An exact copy of the listing below is the answer, with the pictures removed.
** Opening Supplied material block **
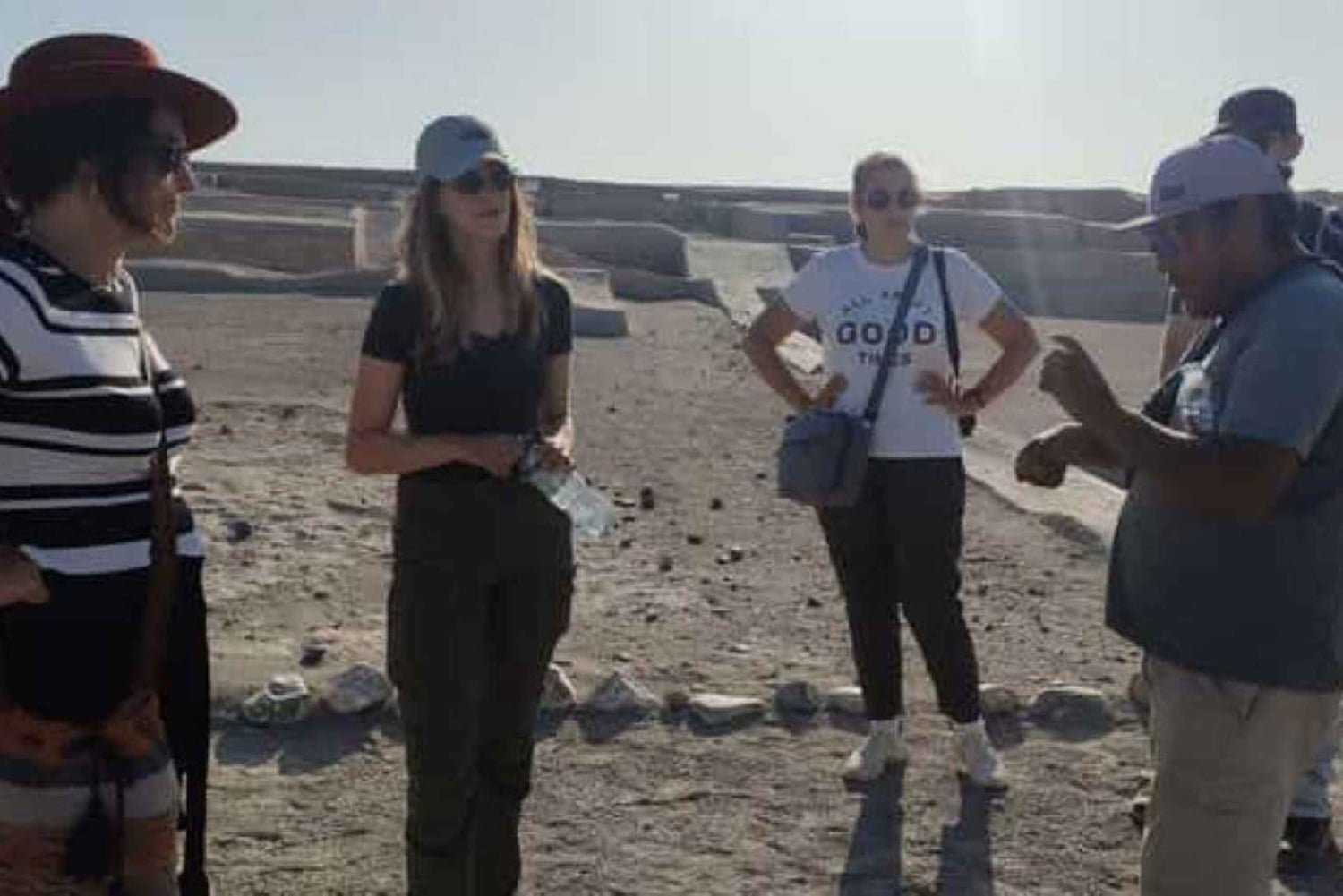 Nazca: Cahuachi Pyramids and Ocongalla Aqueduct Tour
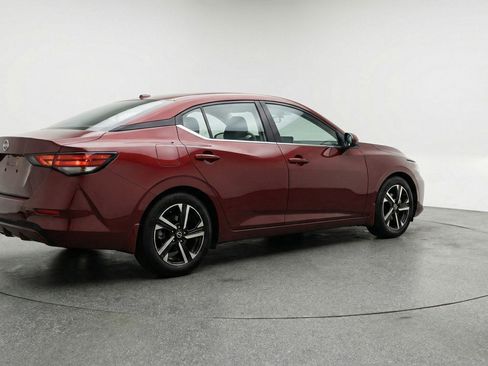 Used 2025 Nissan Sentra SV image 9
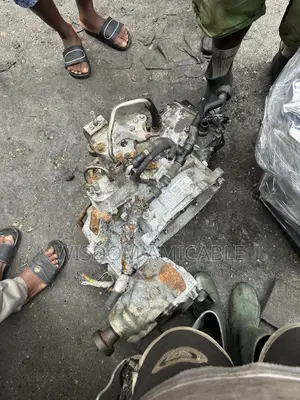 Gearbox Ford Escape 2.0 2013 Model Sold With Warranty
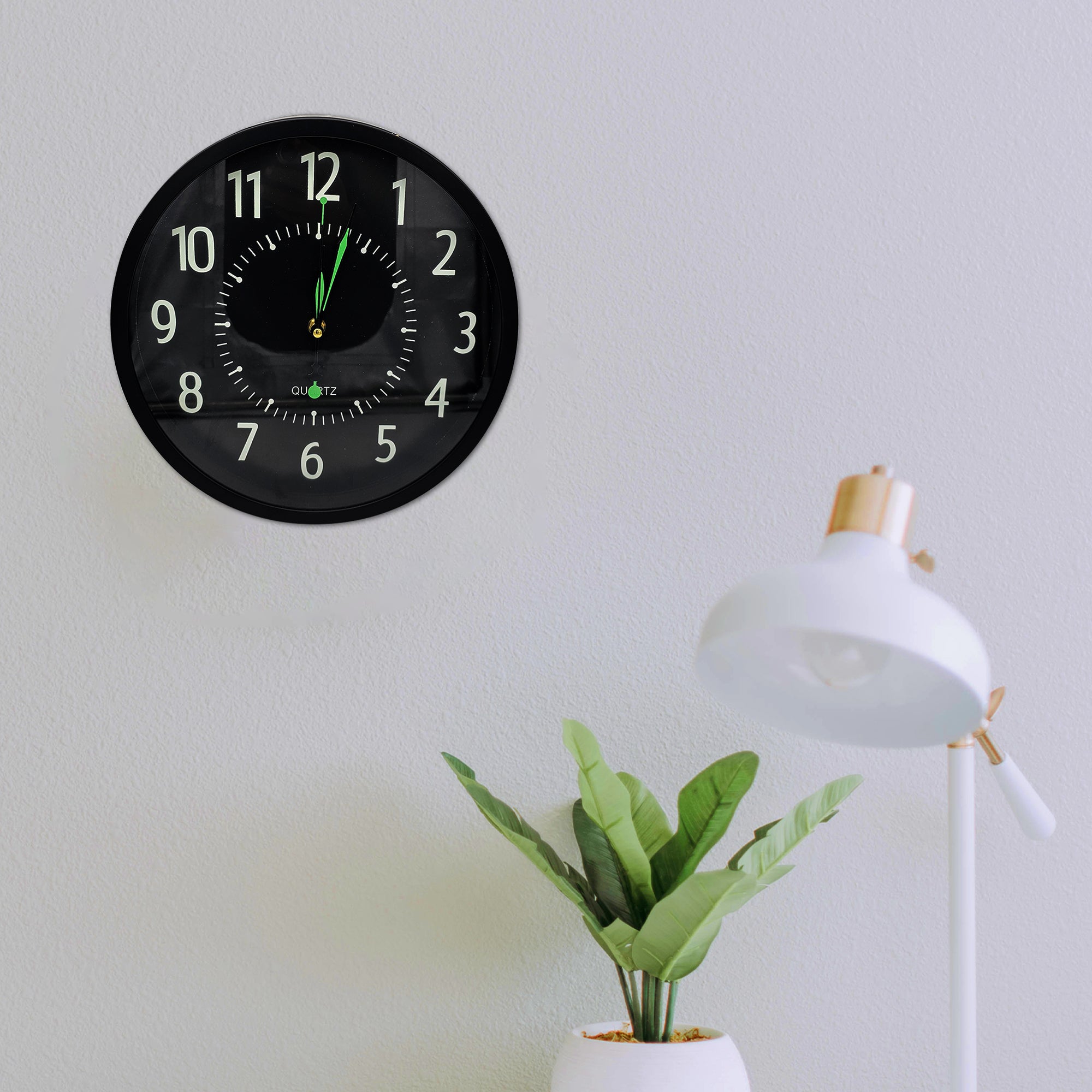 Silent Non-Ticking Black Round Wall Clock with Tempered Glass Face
** Closing Supplied material block **
Exercise answer:
 Nazca: Cahuachi Pyramids and Ocongalla Aqueduct Tour
 Used 2025 Nissan Sentra SV image 9
 Gearbox Ford Escape 2.0 2013 Model Sold With Warranty
 Silent Non-Ticking Black Round Wall Clock with Tempered Glass Face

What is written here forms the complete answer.